▽

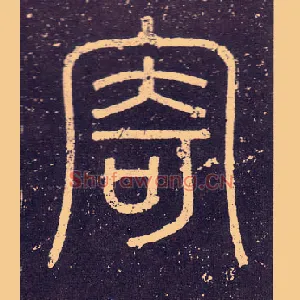 寄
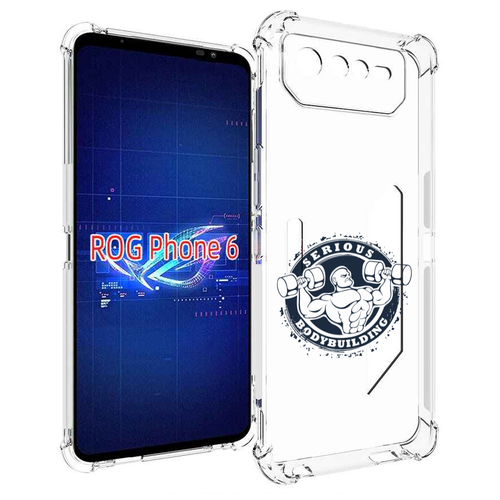 Чехол MyPads бодибилдинг воля к победе для Asus ROG Phone 6 задняя-панель-накладка-бампер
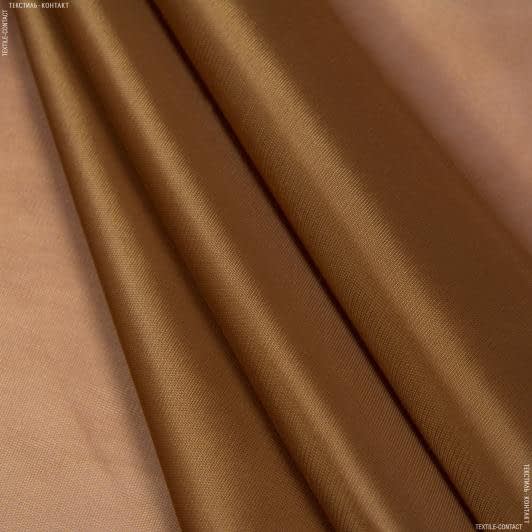 Тканини підкладкова тканина - Підкладка трикотажна світло-коричнева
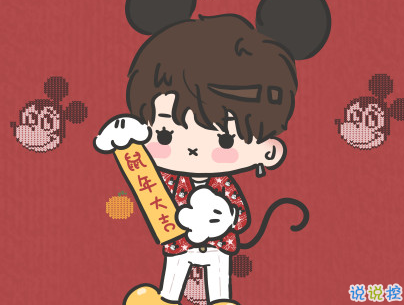 2020微信新年說說帶圖片 新年說說簡短經(jīng)典有創(chuàng)意7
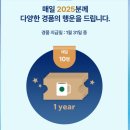 스타벅스 블랙매트 데비 텀블러/원더스크래치 이벤트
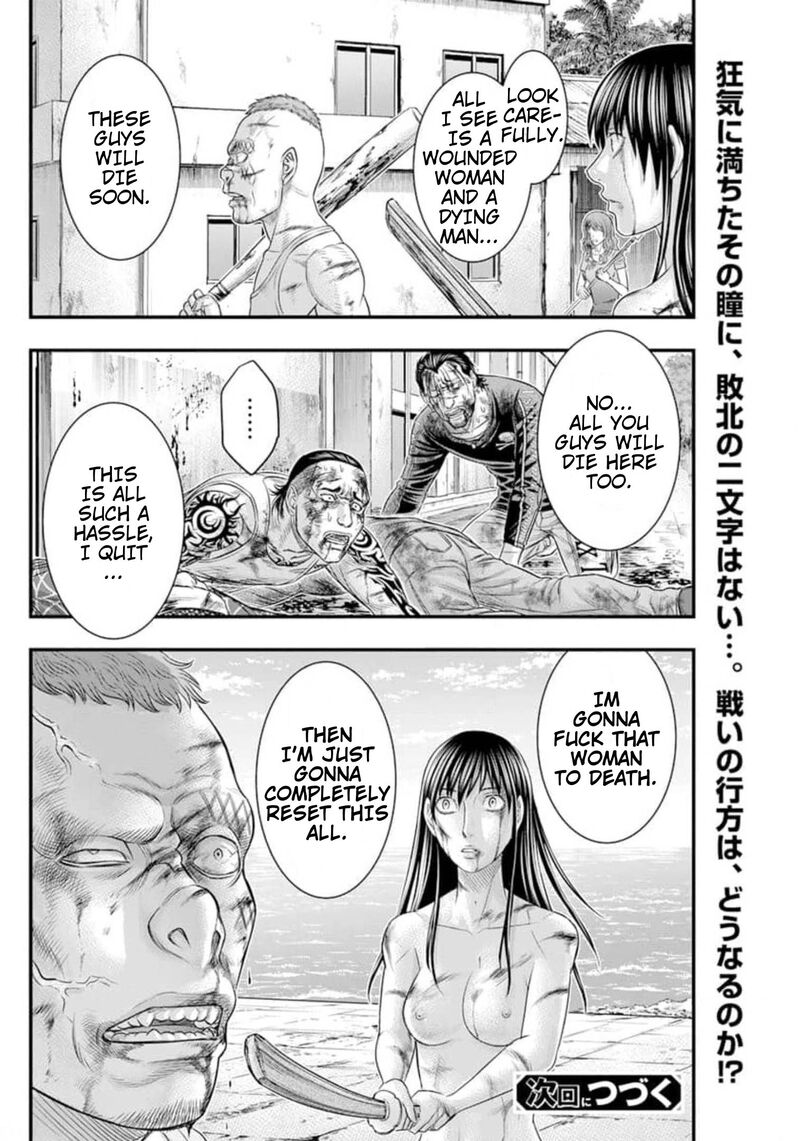 Muhoutou 44 20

△

Problem description: Reproduce each entry precisely, dropping only the pictures.

Output of the task:
 寄
 Чехол MyPads бодибилдинг воля к победе для Asus ROG Phone 6 задняя-панель-накладка-бампер
 Тканини підкладкова тканина - Підкладка трикотажна світло-коричнева
 2020微信新年說說帶圖片 新年說說簡短經(jīng)典有創(chuàng)意7
 스타벅스 블랙매트 데비 텀블러/원더스크래치 이벤트
 Muhoutou 44 20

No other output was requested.